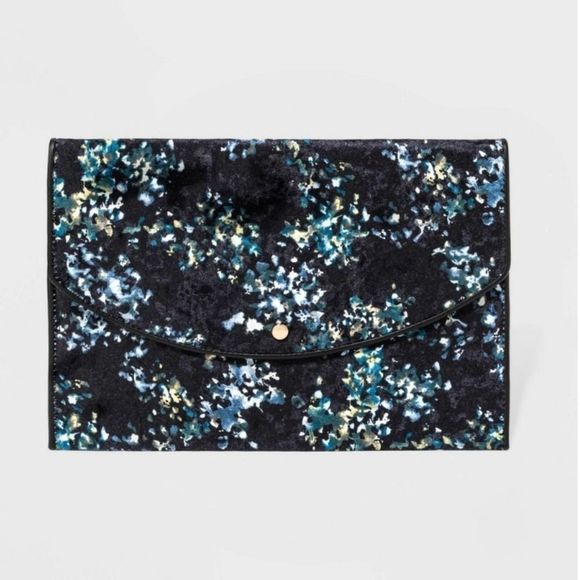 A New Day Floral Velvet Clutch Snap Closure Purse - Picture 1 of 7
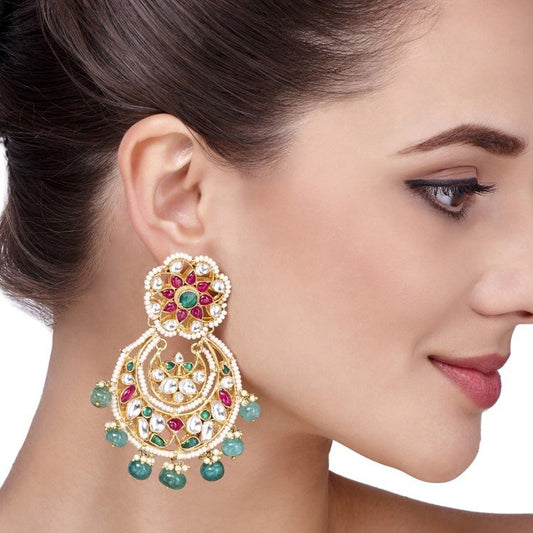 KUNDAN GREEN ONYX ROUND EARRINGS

---

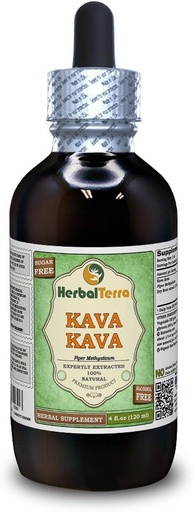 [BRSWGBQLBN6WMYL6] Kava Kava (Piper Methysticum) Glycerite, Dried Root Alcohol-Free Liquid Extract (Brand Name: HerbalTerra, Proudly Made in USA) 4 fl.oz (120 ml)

==

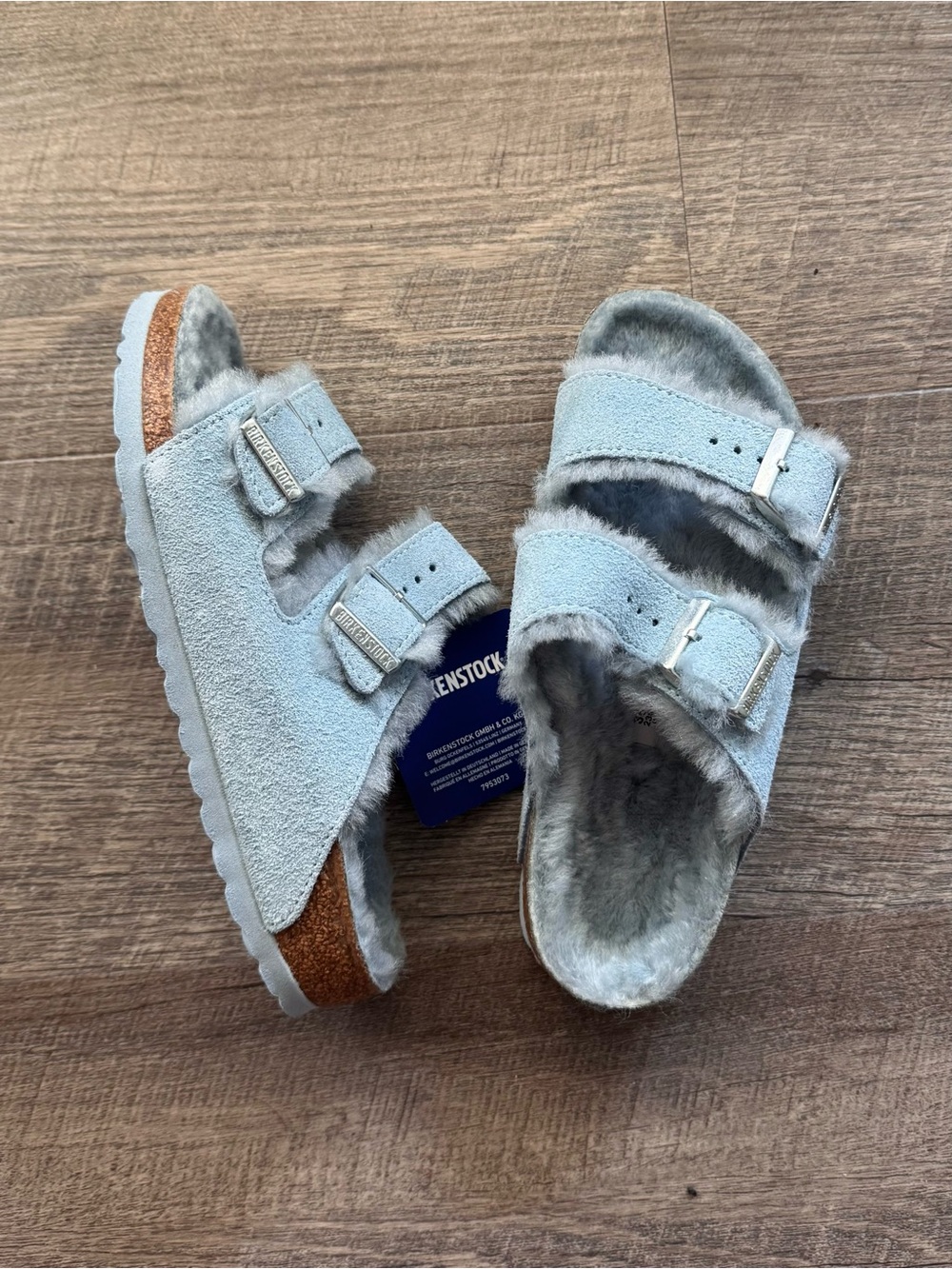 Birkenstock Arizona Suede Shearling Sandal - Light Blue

Action item - Copy word for word only the lines above from the one with "A New Day Floral Velvet" through the one with "KUNDAN GREEN ONYX ROUND EARRINGS". Leave pictures out.

Problem solution -
 A New Day Floral Velvet Clutch Snap Closure Purse - Picture 1 of 7
 KUNDAN GREEN ONYX ROUND EARRINGS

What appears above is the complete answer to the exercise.